Location and intermolecular interaction of 144N and 223V/I residues in the 3D structure of the HA trimer. HA and HA trimer structure were modified from 4juk.pdb and 6e7g.pdb using PyMOL. (a) 223I and (c) 223V were located in the 220-loop of the receptor binding site (RBS) of the globular head.

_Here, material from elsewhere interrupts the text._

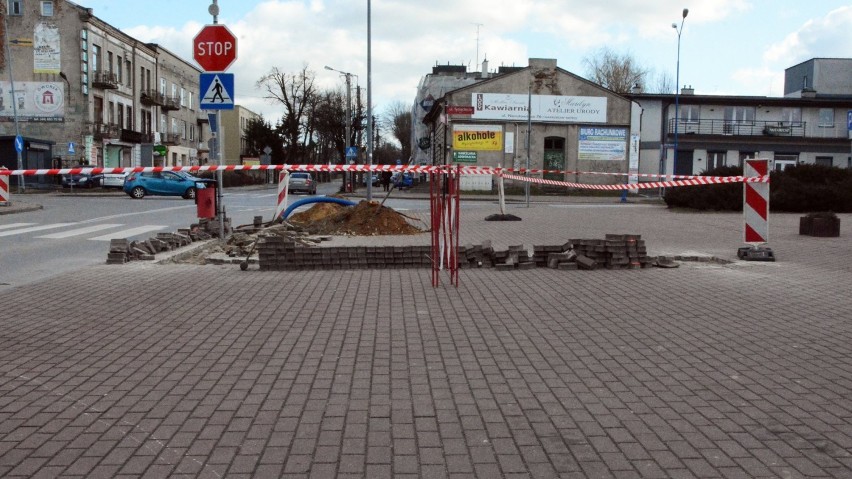 Ruszyła budowa sygnalizacji na skrzyżowaniu Wyszyńskiego/Tysiąclecia w Radomsku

Position 223 was close to position 226Q, and both 223I and 223V interacted with 226Q by hydrogen bond (dotted line). (a), (c) 144N followed by 145S and 146S were located near the RBS, and 144N glycosylation was formed by N-X-S/T. (b) 223I and (d) 223V were close to the 207S of another HA monomer, and 223I had more side chains extruding and was much closer to 207S than 223V.

Figure 6

Verification of 144N-glycosylation by Western blotting. Recombinant viruses untreated and treated with PNGase F enzyme were denatured and separated by SDS-PAGE. Transferred membranes were incubated with rabbit anti-influenza A H5N1 (A/Vietnam/1194/2004) HA IgG, followed by goat anti-rabbit IgG HRP-conjugated secondary antibody. Then, HRP was developed by TMB substrate. HA proteins of rH5N1 and rH5N1-I223V had 144N-glycan, and they had higher molecular weight than rH5N1-N144S and rH5N1-N144S-I223V in the absence of PNGase F enzyme treatment (−). However, the difference disappeared after treatment of PNGase F enzyme (+).